* **ASSIGNMENT**
A word-for-word copy of the data is what's wanted, with no pictures.

* **STORED DATA**
- - -

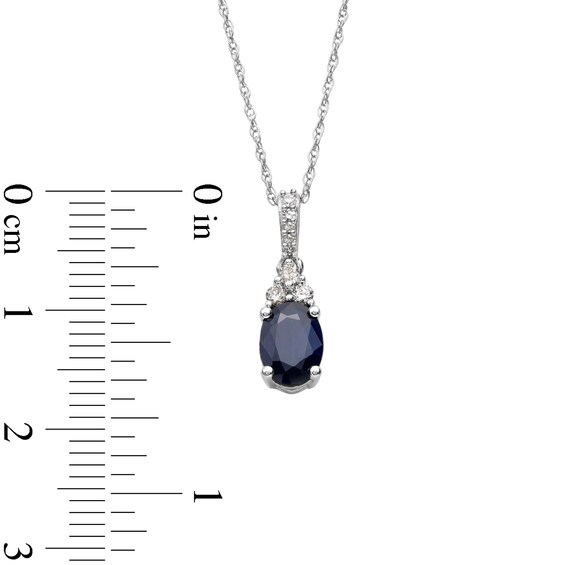 Oval Blue Sapphire and 1/15 CT. T.w. Diamond Pendant in 10K White Gold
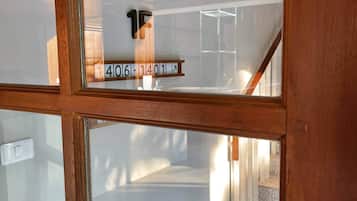 Un interno moderno con una porta in vetro, una scala e una targa con i numeri delle camere.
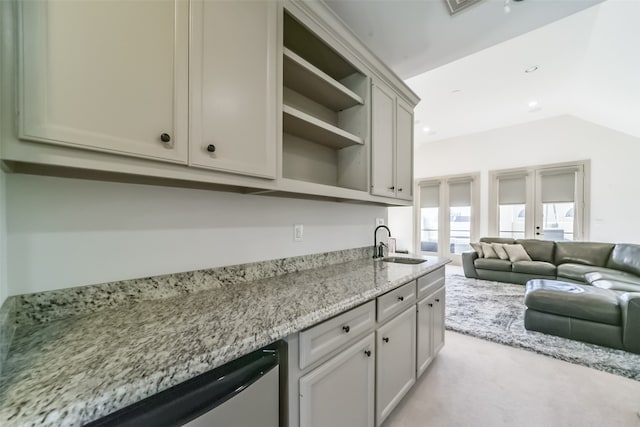 kitchen featuring light stone countertops, light colored carpet, lofted ceiling, and sink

- - -

* **RESPONSE TO THE EXERCISE**
 Oval Blue Sapphire and 1/15 CT. T.w. Diamond Pendant in 10K White Gold
 Un interno moderno con una porta in vetro, una scala e una targa con i numeri delle camere.
 kitchen featuring light stone countertops, light colored carpet, lofted ceiling, and sink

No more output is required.